Some games, however, hand you this precious resource on a platter, for doing the most mundane activities imaginable. Travel somewhere new? Have some exp! Talk to an NPC? Have some exp! Talk to someone in your party more than once? Have some exp! Read a book? Have some exp! Look at something interesting (or not)? Have some exp! Pop a pill? Have some exp! Gain some exp? Have some exp! Own the game at all? Have some exp!

These games never quite make the connection between performing these mundane tasks and getting better at killing things. This connection is tenuous enough even when actually killing things IS the reason for leveling up, but this trope removes even that flimsy justification.
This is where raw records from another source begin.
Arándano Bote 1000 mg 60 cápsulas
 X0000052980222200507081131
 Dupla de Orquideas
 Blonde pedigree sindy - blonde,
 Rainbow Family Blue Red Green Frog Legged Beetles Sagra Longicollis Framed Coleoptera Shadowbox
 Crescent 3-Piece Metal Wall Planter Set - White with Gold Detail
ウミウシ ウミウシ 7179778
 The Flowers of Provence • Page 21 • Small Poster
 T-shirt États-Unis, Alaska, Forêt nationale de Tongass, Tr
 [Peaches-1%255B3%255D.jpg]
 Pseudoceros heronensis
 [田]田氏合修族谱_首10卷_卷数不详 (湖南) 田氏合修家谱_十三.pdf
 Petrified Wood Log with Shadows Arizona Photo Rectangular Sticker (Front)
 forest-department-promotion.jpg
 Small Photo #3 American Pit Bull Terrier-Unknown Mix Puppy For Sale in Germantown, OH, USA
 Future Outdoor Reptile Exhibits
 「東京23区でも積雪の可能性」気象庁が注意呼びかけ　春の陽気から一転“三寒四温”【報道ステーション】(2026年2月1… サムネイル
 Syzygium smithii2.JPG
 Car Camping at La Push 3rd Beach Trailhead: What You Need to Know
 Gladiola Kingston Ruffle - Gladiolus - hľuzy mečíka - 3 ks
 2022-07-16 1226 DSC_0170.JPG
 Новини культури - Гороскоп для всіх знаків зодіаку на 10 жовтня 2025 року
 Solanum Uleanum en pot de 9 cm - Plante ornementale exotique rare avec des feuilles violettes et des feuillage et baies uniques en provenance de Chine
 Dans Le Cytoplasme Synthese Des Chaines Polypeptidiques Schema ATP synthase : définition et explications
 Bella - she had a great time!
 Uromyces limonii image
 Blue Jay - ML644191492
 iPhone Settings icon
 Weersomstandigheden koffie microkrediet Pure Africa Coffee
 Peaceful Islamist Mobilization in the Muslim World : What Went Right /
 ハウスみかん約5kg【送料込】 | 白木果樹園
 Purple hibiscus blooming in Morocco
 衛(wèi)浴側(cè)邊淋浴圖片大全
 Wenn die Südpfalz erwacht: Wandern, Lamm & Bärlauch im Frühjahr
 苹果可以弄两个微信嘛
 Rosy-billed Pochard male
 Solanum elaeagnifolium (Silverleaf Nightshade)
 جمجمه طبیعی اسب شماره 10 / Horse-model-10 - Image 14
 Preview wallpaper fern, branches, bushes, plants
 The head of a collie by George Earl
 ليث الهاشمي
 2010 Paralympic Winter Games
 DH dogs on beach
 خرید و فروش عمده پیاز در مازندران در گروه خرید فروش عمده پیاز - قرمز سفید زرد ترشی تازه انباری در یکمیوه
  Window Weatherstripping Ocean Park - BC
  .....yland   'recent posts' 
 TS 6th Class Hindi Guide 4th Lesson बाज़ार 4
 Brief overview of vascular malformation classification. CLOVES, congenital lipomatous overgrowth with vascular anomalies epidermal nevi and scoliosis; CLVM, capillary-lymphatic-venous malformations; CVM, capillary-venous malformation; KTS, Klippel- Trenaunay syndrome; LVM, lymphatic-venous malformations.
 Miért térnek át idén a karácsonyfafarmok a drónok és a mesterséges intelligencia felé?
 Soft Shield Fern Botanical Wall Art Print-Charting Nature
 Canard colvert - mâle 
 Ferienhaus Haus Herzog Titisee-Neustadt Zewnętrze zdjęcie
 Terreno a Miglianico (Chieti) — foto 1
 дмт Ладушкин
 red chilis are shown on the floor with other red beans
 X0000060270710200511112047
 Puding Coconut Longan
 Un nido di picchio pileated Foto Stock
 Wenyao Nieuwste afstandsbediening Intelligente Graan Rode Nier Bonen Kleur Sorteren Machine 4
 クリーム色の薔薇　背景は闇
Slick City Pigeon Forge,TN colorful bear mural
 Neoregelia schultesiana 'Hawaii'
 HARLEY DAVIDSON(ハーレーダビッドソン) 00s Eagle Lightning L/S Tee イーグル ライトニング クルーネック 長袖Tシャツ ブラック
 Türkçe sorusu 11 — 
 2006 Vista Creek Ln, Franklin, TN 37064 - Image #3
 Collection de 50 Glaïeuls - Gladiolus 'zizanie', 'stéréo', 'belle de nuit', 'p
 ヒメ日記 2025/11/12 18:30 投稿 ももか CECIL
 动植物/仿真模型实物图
Typically, in a token concession to realism, such activities grant your character less experience than the mass murder and questing that RPGs usually rely on — implying (rightfully) that fighting for your life is a bit more educational than glancing at a computer screen or road sign while strolling merrily through the game. However, games that include this form of experience tend to include so many ways to gain it, that you can often gain a few levels simply by running around and doing all of them. This can result in the highly rare RPG phenomenon of "leveling in town."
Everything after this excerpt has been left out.